======== SUPPLIED RECORDS
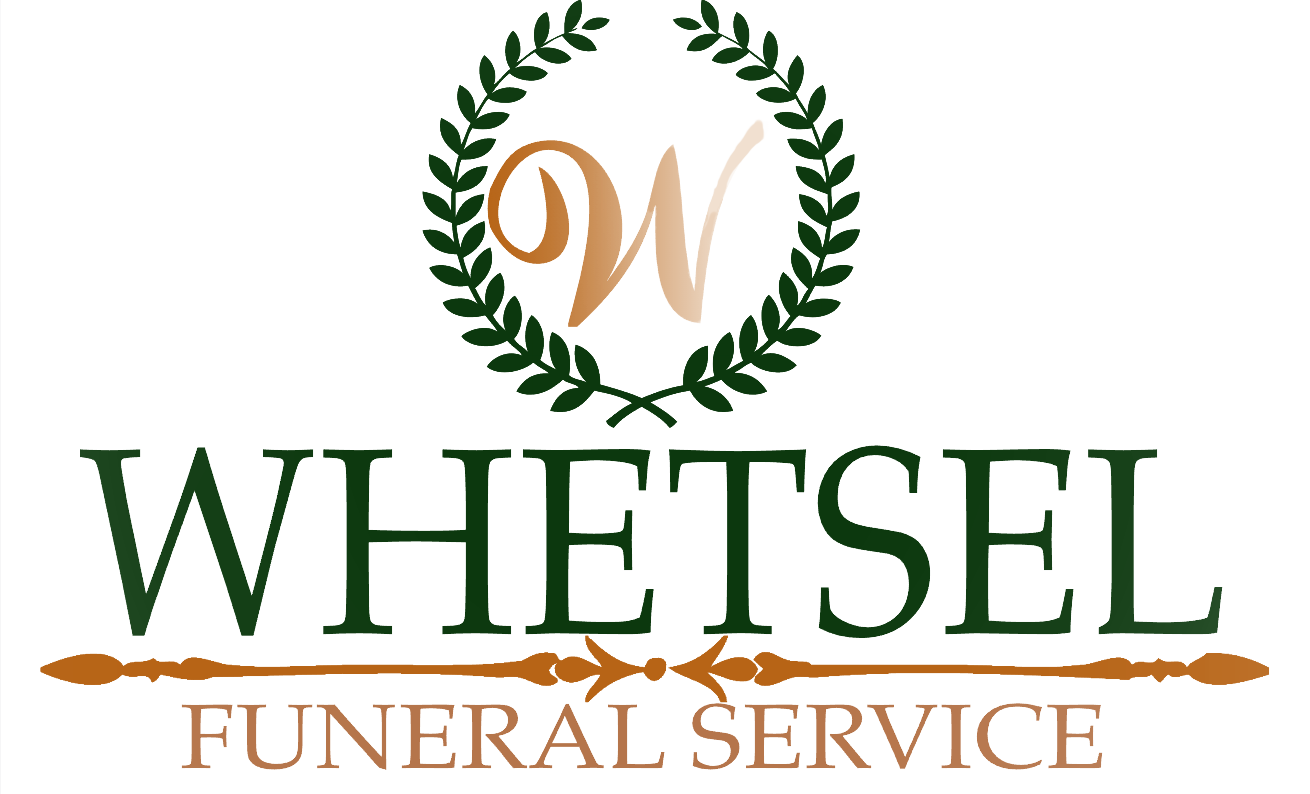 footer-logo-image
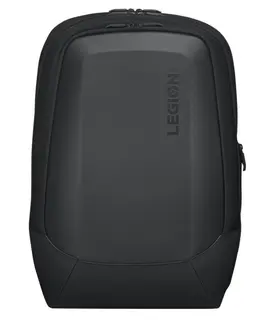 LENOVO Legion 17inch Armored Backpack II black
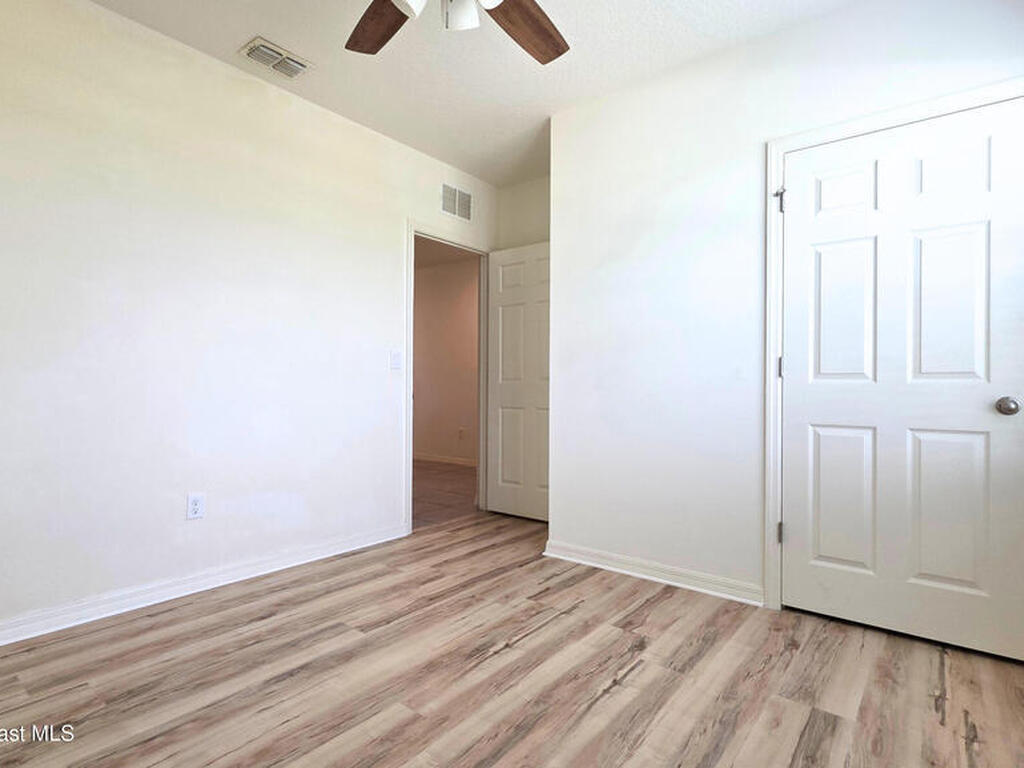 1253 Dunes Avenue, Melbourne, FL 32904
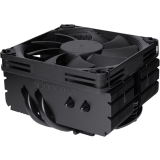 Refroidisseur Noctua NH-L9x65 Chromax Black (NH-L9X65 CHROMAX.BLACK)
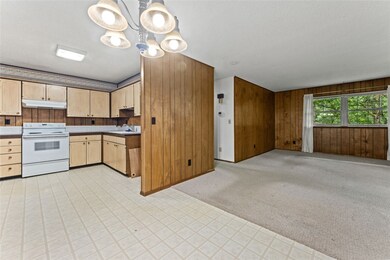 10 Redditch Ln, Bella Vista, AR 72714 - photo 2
================
Retype the whole listing exactly. Do not include the pictures.

* [THE COMPLETED TASK]
 footer-logo-image
 LENOVO Legion 17inch Armored Backpack II black
 1253 Dunes Avenue, Melbourne, FL 32904
 Refroidisseur Noctua NH-L9x65 Chromax Black (NH-L9X65 CHROMAX.BLACK)
 10 Redditch Ln, Bella Vista, AR 72714 - photo 2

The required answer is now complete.